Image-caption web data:
• • •
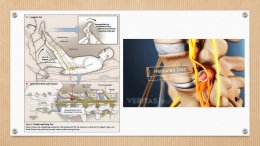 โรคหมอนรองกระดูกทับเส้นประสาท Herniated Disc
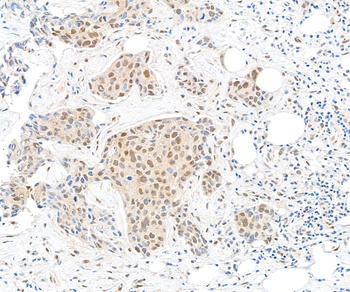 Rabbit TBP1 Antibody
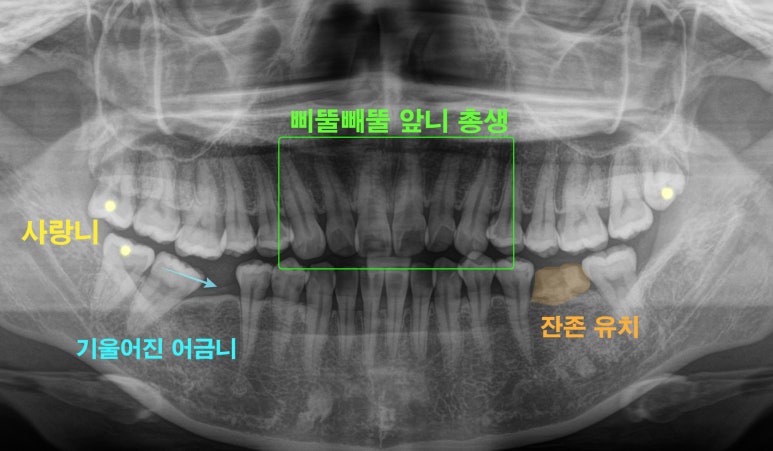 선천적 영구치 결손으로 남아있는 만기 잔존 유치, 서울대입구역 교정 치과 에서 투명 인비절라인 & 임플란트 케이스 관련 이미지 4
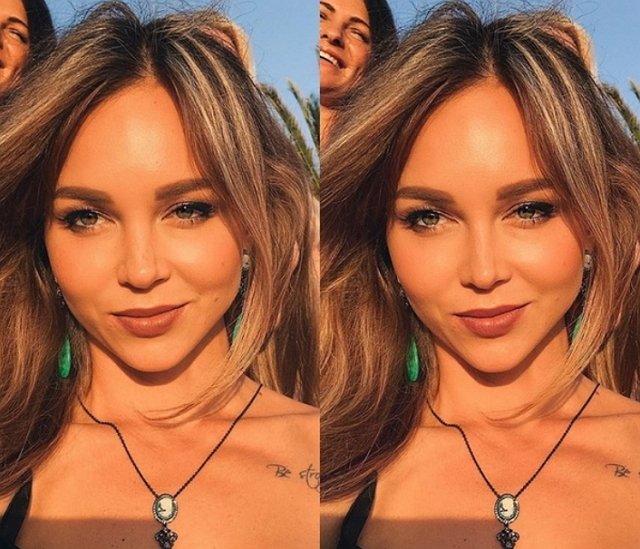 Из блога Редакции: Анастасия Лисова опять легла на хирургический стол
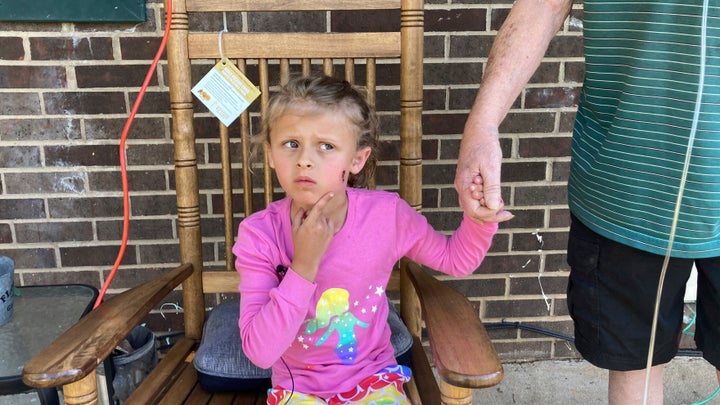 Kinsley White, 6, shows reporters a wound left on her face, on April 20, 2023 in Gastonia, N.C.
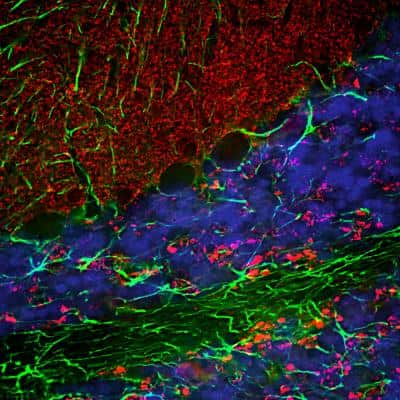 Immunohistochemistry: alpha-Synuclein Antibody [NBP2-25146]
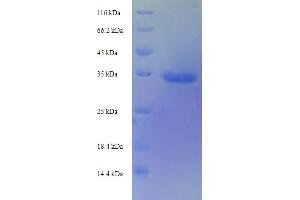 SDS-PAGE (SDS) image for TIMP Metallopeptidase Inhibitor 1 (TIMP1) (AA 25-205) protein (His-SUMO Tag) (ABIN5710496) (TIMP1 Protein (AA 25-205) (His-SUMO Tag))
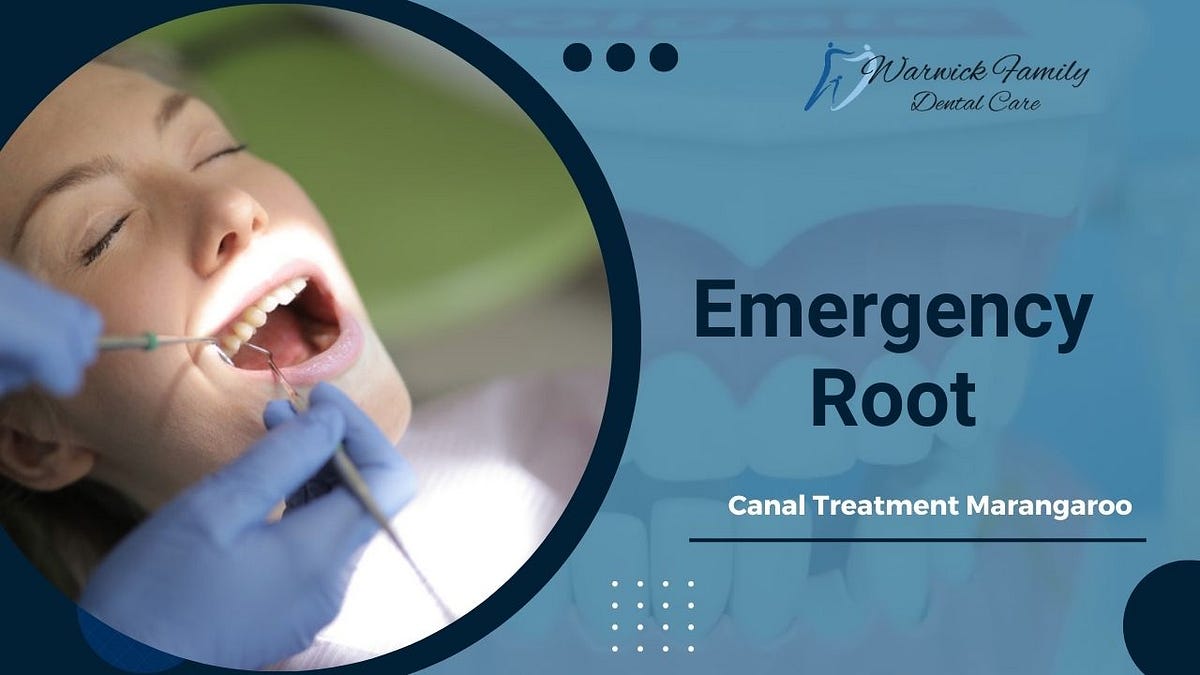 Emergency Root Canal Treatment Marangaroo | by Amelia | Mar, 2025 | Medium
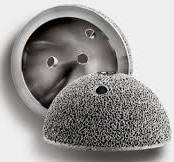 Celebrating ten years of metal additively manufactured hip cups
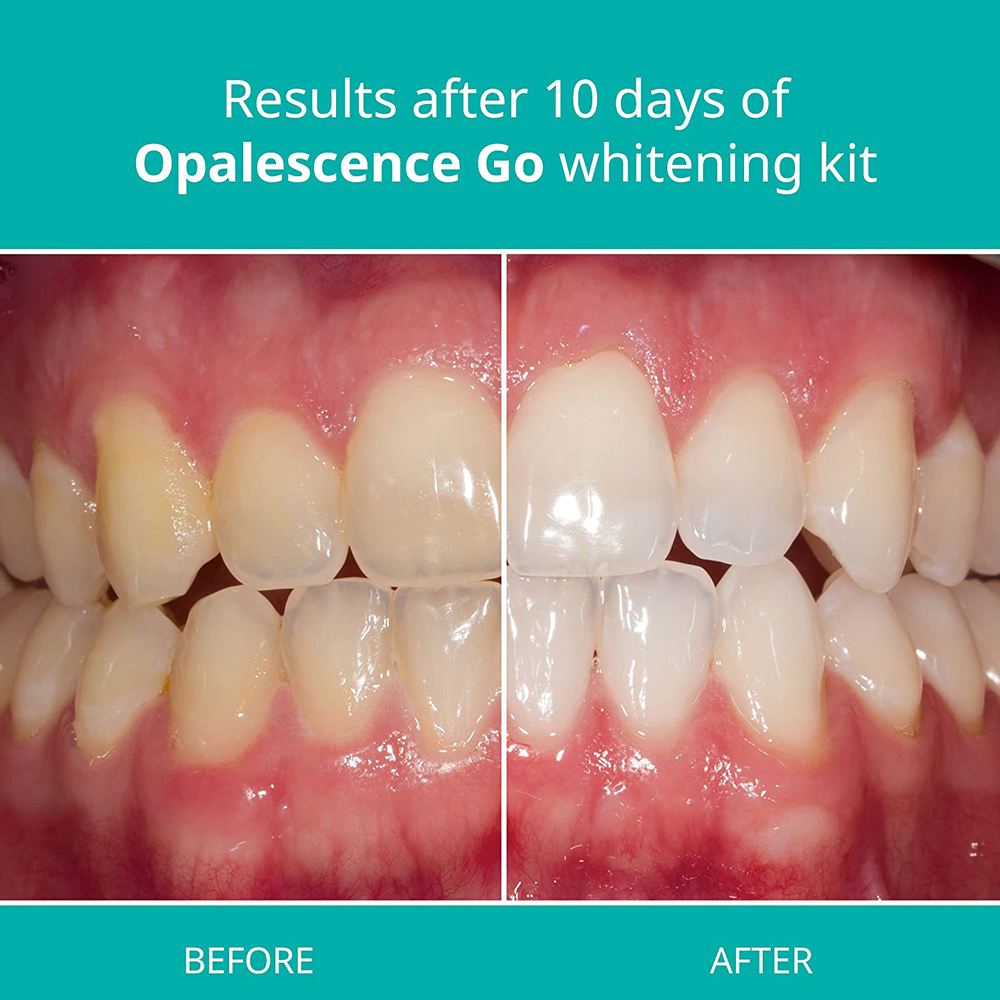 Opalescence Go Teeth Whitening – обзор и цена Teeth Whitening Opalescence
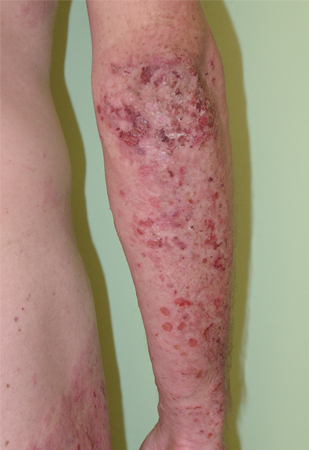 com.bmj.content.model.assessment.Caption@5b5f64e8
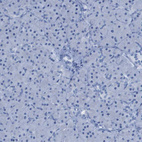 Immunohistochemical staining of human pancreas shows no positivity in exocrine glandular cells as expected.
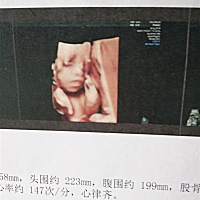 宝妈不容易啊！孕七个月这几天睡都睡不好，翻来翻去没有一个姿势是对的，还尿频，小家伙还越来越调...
• • •
WHAT YOU WILL DO:
Where the line with "Opalescence Go Teeth" appears in the entries above, begin there and restate every line to the end word for word, minus the pictures.

RESULT FOR THIS TASK:
 Opalescence Go Teeth Whitening – обзор и цена Teeth Whitening Opalescence
 com.bmj.content.model.assessment.Caption@5b5f64e8
 Immunohistochemical staining of human pancreas shows no positivity in exocrine glandular cells as expected.
 宝妈不容易啊！孕七个月这几天睡都睡不好，翻来翻去没有一个姿势是对的，还尿频，小家伙还越来越调...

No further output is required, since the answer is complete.